Avrasya'daki muhtemel tehditler ve nüfuz alanları  

Avrasya'daki muhtemel tehditler ve nüfuz alanları  
TT

Avrasya'daki muhtemel tehditler ve nüfuz alanları  

Avrasya'daki muhtemel tehditler ve nüfuz alanları  

Avrupa'da yeni yıl gerilimli bir şekilde, aktif diplomatik hareketlenmelerle başladı. Rusya'nın Ukrayna sınırı yakınlarında büyük bir askeri yığınak yapması, olası işgal söylentilerine yol açtı. Diğer yandan Rusya, güvenlik tehditleri altında olduğunu ileri sürerek güvenliğinin garanti alınmasına yönelik taleplerini yazılı olarak ABD’ye ve NATO’ya bildirdi. ABD ve NATO’nun üst düzey yetkilileri, Rusya'nın talepleri konusunda anlaşmaya varılamadığını duyurdular ve ardından da görüşme tekliflerini yinelediler.  Rusya görüşme teklifini kabul etti.   
Bu doğrultuda, ocak ayının ilk yarısında üç toplantı düzenlenmesi planlandı. İlk toplantıda, ABD ile Rusya arasında, stratejik istikrar konusunda ikili görüşmeler gerçekleşti.
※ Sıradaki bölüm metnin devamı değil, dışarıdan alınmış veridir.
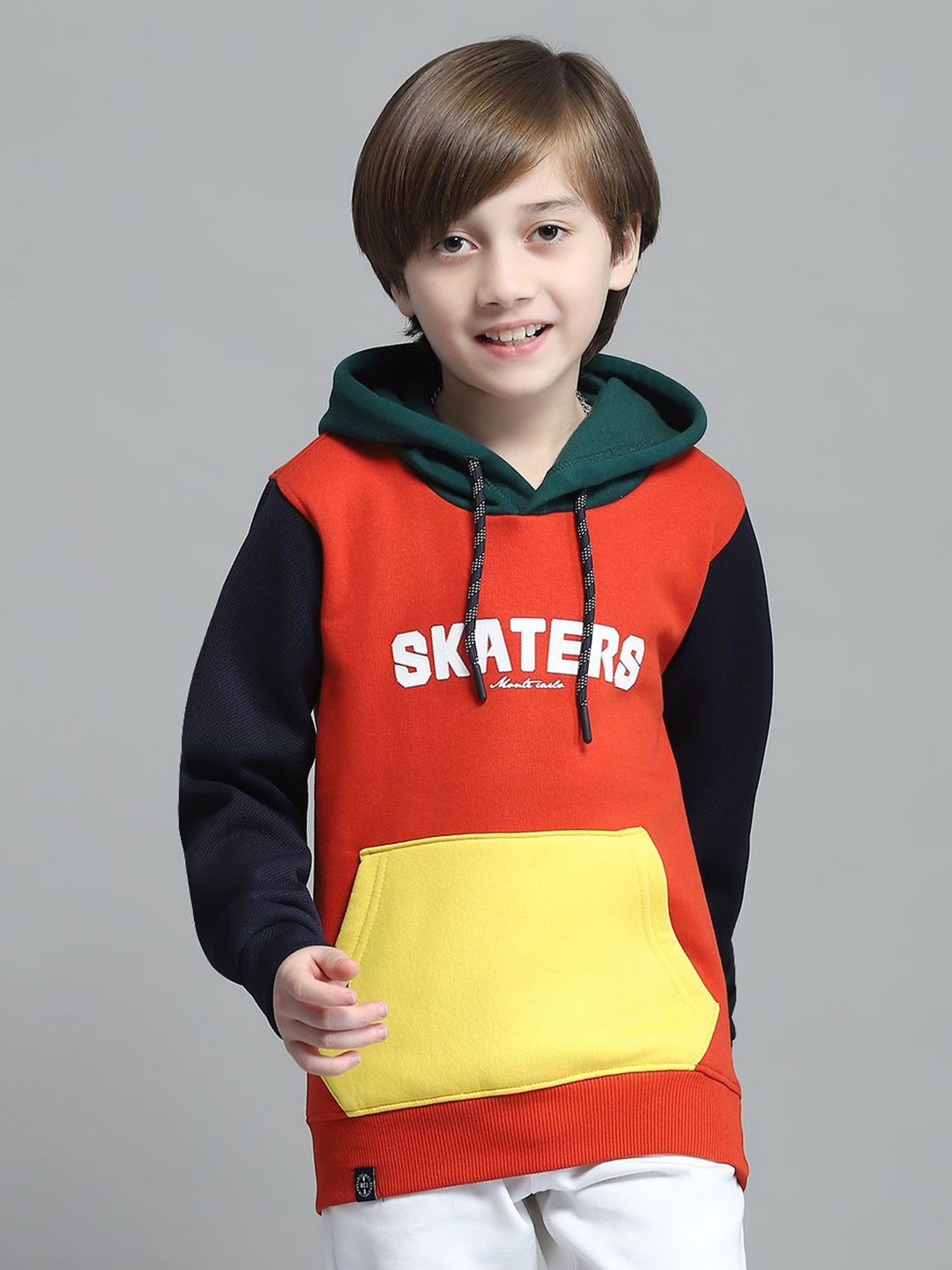 

Monte Carlo Boys Printed Hooded Sweatshirt, Orange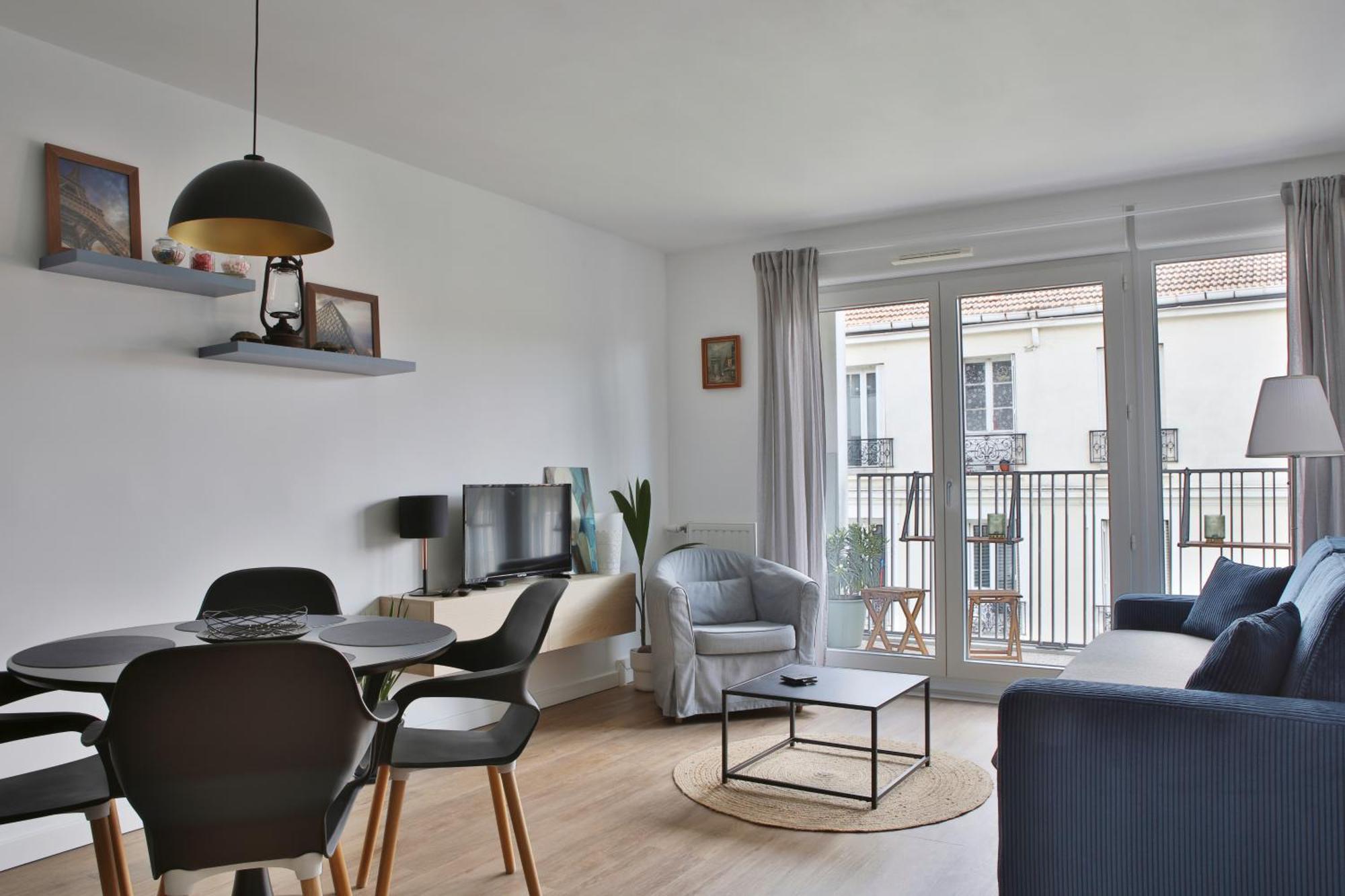 "Starry In So" 47M2, Lits Jumeaux, Parking Gratuit, Rue Calme Et Arboree, Metro 10 Min, Stade De France 24Min A Pied Saint-Ouen  Bagian luar foto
Brüksel’de üç yıl aradan sonra,12 Ocak’ta NATO-Rusya Konseyi toplantısı yapıldı. Ertesi gün ise Avrupa Güvenlik ve İşbirliği Teşkilatı (AGİT) bünyesinde bir toplantı düzenlendi.  
 
Karşıt görüşler 
Rusya, bir tehdit olarak değerlendirdiği NATO'nun doğuya doğru genişlememesi, eski Doğu Bloku ülkelerinden çekilmesi ve sınırlarına yaklaşmaması yönünde bir tutum sergiliyor. Buna mukabil NATO’nun pozisyonu ise Rusya’nın bir tehdit oluşturduğu yönünde. NATO’ya göre her ülkenin, açık kapı politikası uyarınca kendi güvenlik düzenlemesini yapma hakkı var. Dolayısıyla gereksinim oldukça ittifakın Doğu Blok'undaki varlığı da devam edecektir. Nihayetinde görüşmelerden somut sonuçlar çıkmadı. Zaten ocak ayındaki toplantılarda önemli bir gelişme kaydedilmesi beklenmiyordu. 
Söz konusu toplantılar, her iki tarafın pozisyonlarını tekrar belirtmesini sağladı. NATO tam olarak neler yapabileceğini ve neler yapmayacağını ortaya koymuş oldu. Bu noktada toplantıların esas olarak gerilimin azaltılmasına katkıda bulunmuş olduğu söylenebilir.
Bu görüşmeler faydasız girişimler midir yoksa ciddi bir sürecin ilk adımları anlamına mı geliyor, belirsizlik sürüyor.  

Avrasya'nın doğu bölgesi 
Kazakistan'da yaşananlar da aynı resmin bir parçası olarak düşünülebilir. Rusya Devlet Başkanı Vladimir Putin, 2021 Temmuz ayında, ülkesinin dış politikadaki amaçlarını ve yaklaşımlarını belirleyen, revize edilmiş Ulusal Güvenlik Stratejisi'ni onayladı. Bu strateji belgesinde aşağıdaki hususlar vurgulandı:  
 - Bağımsız Devletler Topluluğu'na üye ülkelerle ikili düzeyde ilişkilerin derinleştirilmesi. Avrasya Ekonomik Birliği ve Kolektif Güvenlik Antlaşması Örgütü çerçevesinde iş birliğinin artırılması.
- Rusya’ya komşu ülkelerin topraklarındaki çatışmaların önlenmesi ve ortadan kaldırılması için yardım edilmesi.  
- Barışı koruma faaliyetlerinde Rus rolünün artırılması.  
- Rusya’nın müttefiklerinin savunma ve güvenlikle ilgili konularda desteklenmesi ve iç işlerine müdahale girişimlerinin önüne geçilmesi.  
 Kazakistan'da tanık olduğumuz müdahale, yukarıda bahsi geçen maddelerin uygulanması görüntüsü veriyor. Rusya liderliğindeki Kolektif Güvenlik Antlaşması Örgütü’nün 2 bin 500  barış gücü askeri Cumhurbaşkanı Tokayev'in daveti üzerine  Kazakistan'a girdi ve isyanı kısa sürede bastırdı. Raporlara göre barış gücü askerleri müdahaleden on gün sonra, tüm teçhizatlarıyla birlikte ülkeyi terk etti. Bu şekilde Ruslar, örgütün başarılı bir şekilde çalıştığını ve çok kısa bir sürede yüksek düzeyde hazırlıklı askeri güçleri harekete geçirebildiğini göstermiş oldu. Yani bir başka deyişle Rusya, gerekli gördüğü her an örgüt çatısı altında kendi ‘nüfuz alanına’ müdahale kabiliyetini ve iradesini ortaya koydu.  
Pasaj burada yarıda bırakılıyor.